The finger rolls 76 are at the bottom of the nose of the toy airplane 70. Consequently, the finger rolls 76 themselves act as an impact buffer in a crash landing or act as landing gear in a smooth landing. Either way, the finger rolls 76 absorb energy during a landing and help prevent damage to the toy airplane 70.

It will be understood that the embodiments of the present invention that have been described and illustrated are merely exemplary and that a person skilled in the art can make many changes to the embodiments using functionally equivalent components. The toy airplane shown in FIG. 1 is believed to be a novel design. However, the concept of a roller assembly, as described, can be applied to numerous prior art toy airplane designs. All such variations, modifications and alternate embodiments are intended to be included within the scope of the present invention as defined by the claims.

Claims

1. A toy airplane device that is launched by being manually thrown, said airplane device comprising:

a fuselage having a nose end and a tail end that are linearly aligned, wherein said fuselage is disposed about an imaginary central symmetry line; and

a single finger roll coupled to said fuselage proximate said nose end, said finger roll being free-spinning and having a central surface that contacts the ground when said toy airplane device lands, wherein said finger roll and said central surface are bisected by said central symmetry line and wherein said central surface of said finger roll is linearly aligned with said nose end and said tail end of said fuselage.

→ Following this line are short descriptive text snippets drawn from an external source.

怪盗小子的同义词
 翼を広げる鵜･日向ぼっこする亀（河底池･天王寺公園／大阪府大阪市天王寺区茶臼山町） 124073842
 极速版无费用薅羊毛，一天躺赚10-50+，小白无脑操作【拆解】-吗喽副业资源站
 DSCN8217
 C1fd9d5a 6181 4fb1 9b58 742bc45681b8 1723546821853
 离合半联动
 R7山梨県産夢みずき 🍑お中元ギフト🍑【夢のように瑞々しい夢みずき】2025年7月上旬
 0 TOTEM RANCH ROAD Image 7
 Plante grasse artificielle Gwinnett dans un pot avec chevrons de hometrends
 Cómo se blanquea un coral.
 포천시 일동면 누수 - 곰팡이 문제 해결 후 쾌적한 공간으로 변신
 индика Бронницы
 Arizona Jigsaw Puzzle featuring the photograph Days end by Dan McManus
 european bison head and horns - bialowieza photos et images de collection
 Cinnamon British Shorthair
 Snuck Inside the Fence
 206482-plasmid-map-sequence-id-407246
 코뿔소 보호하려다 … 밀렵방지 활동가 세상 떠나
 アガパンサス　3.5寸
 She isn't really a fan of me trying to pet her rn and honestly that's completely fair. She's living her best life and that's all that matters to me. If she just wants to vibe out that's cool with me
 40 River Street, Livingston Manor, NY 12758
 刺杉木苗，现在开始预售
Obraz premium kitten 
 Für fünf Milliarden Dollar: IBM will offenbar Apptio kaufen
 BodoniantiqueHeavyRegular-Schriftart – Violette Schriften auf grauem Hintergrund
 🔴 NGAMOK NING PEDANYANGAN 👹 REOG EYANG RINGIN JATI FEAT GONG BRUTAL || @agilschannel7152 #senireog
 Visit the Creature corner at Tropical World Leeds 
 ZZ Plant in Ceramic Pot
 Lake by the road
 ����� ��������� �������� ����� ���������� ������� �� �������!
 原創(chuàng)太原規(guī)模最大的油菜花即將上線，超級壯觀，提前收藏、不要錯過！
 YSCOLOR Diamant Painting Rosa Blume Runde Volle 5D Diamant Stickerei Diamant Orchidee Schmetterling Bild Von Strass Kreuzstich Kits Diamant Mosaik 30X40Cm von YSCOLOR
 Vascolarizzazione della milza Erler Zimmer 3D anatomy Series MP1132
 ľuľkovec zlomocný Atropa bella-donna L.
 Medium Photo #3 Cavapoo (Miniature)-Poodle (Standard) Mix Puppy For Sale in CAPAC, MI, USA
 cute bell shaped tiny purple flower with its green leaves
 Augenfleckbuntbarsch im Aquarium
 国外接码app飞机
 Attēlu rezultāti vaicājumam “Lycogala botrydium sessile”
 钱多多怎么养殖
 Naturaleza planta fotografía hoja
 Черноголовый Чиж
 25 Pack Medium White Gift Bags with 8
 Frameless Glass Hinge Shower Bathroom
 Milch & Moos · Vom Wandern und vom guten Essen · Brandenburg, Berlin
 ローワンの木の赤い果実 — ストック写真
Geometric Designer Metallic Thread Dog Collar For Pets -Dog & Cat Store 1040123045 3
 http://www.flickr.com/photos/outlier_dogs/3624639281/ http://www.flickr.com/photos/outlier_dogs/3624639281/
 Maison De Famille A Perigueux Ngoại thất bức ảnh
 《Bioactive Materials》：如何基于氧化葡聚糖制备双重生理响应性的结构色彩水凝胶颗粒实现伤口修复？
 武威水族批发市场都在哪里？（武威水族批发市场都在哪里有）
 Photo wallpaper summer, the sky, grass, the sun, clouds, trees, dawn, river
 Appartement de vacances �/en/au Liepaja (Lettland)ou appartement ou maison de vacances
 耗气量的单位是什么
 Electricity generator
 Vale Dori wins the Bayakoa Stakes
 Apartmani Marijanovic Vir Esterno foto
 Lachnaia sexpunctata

2. The device according to claim 1, wherein said finger roll includes a wheel disposed around a free-spinning roll, wherein said wheel has a diameter larger than said free-spinning roll, wherein said wheel serves as said central surface of said finger roll.

3. The device according to claim 2, wherein said wheel rotates with said free-spinning roll.

4. The device according to claim 3, wherein said free-spinning roll is tapered on either side of said wheel.

5. The device according to claim 1, wherein said finger roll is the forward most part of said toy airplane.

6. A toy airplane device that is launched by being manually thrown, said airplane device, comprising: a frame supporting a primary wing and a tail, wherein said primary wing has a forward edge; and a roller disposed in the center of said forward edge of said primary wing, wherein said roller is free-spinning; and wherein a relief is disposed in said primary wing behind said roller to enable a person to physically engage said roller from behind when launching said toy airplane; further including a wheel, wherein said roller passes through said wheel and said wheel is disposed in the center of said roller and rotates with said roller.

7. The device according to claim 6, wherein said roller is tapered on either side of said wheel.

8. The device according to claim 6, wherein said roller is the forward most part of said toy airplane.

9. The device according to claim 8, wherein said roller is the lowest most part of said toy airplane.